- Origin: London
- Genres: World music

= 3 Mustaphas 3 =

3 Mustaphas 3 is a British world music band formed in 1982. Its core members are Ben Mandelson (under the name Hijaz Mustapha), Tim Fienburgh (1954–2008) (under the name Niaveti III), Colin Bass (under the name Sabah Habas Mustapha), and Nigel Watson (under the name Houzam Mustapha), around which orbit many other Mustaphas – all supposed to be the nephews of Uncle Patrel Mustapha (Lu Edmonds). They claim to originate from the Balkans, but play music from various parts of the world. Their slogan, "Forward in all directions!", is an expression of this musical diversity. Active at the end of the 1980s and the beginning of the 1990s, they have now stopped producing and performing together, but haven't officially disbanded.

==Biography==
Liner notes from their albums would have it that the band was created in a Balkan town called Szegerely (possibly derived from the Hungarian region of Székely), where it played at the Crazy Loquat Club, before the members were transported inside refrigerators to England.

In truth, however, the creation of the band began in 1982 when guitarist and musicologist Ben Mandelson, also known as Hijaz Mustapha, and Uncle Patrel, also known as Lu Edmonds, started playing together, along with Patrel's other "nephews", namely Houzam, Isfa'ani, Oussack and Niaveti III. Before world music became a genre, they were already playing musical styles from all around the globe. According to band members the first concert was held in a London restaurant that year. The early 3M3 line-up was noticed by BBC Radio 1's John Peel, for whom they recorded several Peel Session broadcasts. A concert in Berlin followed, and two mini-albums were subsequently released, but their first full-length album, Shopping, was not recorded until 1987. The album covered a wide array of genres also including a cover of Moroccan Najat Aatabou's "Shouffi Rhirou". By then Oussack had left the band, but bassist Sabah Habas Mustapha, who may in fact be Colin Bass, and accordionist Kemo Mustapha had joined.

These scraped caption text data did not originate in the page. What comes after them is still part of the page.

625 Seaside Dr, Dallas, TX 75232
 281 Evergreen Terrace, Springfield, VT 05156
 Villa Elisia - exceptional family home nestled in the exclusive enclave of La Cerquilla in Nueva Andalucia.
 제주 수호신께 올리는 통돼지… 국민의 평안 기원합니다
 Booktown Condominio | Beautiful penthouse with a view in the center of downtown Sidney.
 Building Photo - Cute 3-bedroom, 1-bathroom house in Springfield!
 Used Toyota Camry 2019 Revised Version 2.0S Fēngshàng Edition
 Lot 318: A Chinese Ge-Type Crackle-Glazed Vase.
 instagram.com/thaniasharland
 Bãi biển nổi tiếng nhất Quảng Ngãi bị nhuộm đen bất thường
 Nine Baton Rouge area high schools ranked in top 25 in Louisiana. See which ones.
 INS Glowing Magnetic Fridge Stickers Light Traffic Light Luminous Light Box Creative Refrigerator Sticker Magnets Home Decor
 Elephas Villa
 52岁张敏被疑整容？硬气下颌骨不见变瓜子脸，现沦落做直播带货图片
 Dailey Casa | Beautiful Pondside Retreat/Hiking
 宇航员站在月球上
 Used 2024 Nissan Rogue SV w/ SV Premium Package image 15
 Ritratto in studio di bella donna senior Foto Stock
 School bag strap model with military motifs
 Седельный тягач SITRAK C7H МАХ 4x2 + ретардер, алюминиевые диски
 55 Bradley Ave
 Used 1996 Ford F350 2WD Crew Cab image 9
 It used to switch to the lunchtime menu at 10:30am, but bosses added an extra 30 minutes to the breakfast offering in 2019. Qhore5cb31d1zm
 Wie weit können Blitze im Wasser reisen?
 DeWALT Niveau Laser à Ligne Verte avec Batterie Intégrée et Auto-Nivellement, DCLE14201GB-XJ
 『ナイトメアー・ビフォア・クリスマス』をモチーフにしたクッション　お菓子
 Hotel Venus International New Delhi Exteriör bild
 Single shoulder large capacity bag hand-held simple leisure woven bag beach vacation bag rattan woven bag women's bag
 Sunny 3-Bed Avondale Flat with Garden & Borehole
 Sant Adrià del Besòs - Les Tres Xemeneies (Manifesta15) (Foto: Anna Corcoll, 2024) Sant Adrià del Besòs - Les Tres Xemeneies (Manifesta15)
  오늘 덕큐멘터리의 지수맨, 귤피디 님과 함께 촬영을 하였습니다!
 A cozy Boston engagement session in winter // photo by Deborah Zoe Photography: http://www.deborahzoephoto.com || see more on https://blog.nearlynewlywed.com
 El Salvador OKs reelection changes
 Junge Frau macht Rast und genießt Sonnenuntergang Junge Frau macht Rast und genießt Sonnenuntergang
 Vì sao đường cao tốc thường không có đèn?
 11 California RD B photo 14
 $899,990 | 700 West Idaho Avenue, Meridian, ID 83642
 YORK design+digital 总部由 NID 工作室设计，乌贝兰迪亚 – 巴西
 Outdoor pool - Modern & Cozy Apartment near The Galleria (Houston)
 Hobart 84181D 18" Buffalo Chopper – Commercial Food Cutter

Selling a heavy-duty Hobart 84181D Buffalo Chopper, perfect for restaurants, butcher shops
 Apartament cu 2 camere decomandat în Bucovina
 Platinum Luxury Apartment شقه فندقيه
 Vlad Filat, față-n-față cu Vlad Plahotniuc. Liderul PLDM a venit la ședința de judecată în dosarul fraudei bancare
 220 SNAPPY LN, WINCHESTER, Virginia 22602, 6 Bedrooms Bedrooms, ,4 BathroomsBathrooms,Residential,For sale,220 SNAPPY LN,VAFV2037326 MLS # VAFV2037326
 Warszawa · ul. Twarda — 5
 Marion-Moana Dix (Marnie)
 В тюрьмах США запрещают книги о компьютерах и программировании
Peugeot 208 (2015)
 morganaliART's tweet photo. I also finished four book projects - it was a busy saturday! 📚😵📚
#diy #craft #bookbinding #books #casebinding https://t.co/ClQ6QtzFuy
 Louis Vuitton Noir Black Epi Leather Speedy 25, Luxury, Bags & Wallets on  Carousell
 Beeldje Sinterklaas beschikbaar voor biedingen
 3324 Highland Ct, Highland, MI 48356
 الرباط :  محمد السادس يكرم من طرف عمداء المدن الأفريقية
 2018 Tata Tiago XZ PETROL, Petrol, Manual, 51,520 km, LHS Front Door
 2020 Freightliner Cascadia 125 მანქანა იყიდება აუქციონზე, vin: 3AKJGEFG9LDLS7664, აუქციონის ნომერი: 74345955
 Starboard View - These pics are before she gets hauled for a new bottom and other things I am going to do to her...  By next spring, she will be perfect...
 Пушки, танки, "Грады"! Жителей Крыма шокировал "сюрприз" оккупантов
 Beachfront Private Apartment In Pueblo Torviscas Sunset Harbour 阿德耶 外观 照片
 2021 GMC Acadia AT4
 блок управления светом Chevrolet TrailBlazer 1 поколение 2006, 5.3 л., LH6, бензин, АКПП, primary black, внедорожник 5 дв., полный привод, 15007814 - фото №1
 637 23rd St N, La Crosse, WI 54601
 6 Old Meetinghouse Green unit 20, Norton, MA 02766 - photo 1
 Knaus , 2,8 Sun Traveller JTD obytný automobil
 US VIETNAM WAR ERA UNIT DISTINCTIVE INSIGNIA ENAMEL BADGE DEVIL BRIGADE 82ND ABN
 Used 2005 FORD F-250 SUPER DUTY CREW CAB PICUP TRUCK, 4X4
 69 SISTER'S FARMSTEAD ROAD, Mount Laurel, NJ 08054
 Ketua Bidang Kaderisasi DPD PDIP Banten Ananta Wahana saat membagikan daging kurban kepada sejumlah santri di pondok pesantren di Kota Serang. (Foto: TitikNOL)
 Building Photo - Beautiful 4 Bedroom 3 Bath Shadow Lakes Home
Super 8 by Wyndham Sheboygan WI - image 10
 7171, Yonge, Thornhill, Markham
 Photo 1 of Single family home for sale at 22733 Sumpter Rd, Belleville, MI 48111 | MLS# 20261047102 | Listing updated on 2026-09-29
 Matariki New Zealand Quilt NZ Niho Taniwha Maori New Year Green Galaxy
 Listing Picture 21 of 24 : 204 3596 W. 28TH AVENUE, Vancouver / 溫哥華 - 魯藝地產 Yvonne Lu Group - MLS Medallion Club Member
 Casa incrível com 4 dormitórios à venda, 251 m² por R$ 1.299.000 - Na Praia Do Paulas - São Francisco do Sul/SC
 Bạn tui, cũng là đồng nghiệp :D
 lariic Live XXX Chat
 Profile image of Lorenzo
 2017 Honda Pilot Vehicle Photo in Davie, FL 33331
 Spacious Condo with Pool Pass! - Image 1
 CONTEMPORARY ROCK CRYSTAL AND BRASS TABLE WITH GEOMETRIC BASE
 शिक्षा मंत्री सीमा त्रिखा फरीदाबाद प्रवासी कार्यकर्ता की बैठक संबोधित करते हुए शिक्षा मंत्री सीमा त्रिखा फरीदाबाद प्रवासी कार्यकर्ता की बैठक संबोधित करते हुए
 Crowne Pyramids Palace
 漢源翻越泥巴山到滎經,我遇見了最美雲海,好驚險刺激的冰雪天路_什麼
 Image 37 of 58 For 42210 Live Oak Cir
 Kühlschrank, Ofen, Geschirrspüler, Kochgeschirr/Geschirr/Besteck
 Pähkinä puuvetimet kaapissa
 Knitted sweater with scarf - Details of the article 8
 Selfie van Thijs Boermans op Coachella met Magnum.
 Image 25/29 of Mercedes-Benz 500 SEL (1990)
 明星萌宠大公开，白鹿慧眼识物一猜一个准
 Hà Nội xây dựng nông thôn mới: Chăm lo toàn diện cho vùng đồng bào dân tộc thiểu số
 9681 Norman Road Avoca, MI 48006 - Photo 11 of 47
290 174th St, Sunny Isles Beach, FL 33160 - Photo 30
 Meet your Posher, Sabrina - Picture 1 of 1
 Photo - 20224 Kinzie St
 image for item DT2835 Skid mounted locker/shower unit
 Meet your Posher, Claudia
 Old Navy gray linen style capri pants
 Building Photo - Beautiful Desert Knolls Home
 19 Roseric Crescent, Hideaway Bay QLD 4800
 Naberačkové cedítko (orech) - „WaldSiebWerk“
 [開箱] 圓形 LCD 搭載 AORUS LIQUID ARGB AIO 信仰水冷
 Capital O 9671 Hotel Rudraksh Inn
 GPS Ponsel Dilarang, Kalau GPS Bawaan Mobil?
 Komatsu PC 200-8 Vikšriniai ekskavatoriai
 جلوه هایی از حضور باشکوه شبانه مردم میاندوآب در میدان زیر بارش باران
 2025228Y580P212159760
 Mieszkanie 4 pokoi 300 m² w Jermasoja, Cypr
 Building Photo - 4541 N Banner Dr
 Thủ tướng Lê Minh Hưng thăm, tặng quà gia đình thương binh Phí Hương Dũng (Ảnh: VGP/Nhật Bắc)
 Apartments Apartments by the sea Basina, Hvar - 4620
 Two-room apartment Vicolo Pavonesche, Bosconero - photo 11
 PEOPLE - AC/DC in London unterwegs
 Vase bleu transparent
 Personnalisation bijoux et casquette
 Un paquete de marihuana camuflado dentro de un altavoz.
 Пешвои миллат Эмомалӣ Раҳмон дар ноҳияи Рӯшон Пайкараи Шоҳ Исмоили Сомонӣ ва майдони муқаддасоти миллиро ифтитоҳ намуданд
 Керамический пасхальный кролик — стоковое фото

Their second full-length album, Heart of Uncle, was released in 1989 and showed Middle Eastern, Mediterranean, Irish and Latin American influence. Soup of the Century, released in 1990, was their most acclaimed success. With tracks ranging from a country song in Japanese to a Mexican traditional sung in Hindi, and going through a mix of Irish, Scottish, Greek, Albanian, klezmer and many more styles, the Mustaphas broke many barriers separating ethnic music styles.

Daoudi joined during the recording and performed woodwinds. The Mustaphas had also been assisted on occasions by Lavra Tima Daviz on vocals and Expen$ive on trumpet, while guests Israeli singer Ofra Haza, and kora players Dembo Konte and Kausu Kuyateh from The Gambia and Senegal respectively have played alongside them in the 1980s.

The band toured extensively in Europe, Scandinavia, Japan, the United States and Canada, playing clubs and international festivals (Moers, Glastonbury, Winnipeg).

A final album, Friends, Fiends & Fronds was released in 1991, containing non-album singles, remixes and two new recordings. By the end of the year the band was no longer playing together. Sabah Habas pursued a solo career, releasing albums as Colin Bass, or performing with his band Camel as well as the Jugala Allstars from Indonesia, and Hijaz became a producer. The two were featured, together with Houzam, in an album from Zimbabwean artist Stella Chiweshe. Between 1988 and 1992, Hijaz, Houzam and Sabah Habas worked together on further recording projects with renowned artists from the World Music scene: Tarika Sammy (Madagascar), Rinken Band (Okinawa), Dembo Konte & Kausu Kuyateh (The Gambia). Oussack (Ray Cooper) joined Oysterband under the name Chopper.

Another 3M3 album was released in 1997 containing live performances, and Sabah Habas and Hijaz came together again in 2001 to pick songs to include in their final live album, Play Musty for Me.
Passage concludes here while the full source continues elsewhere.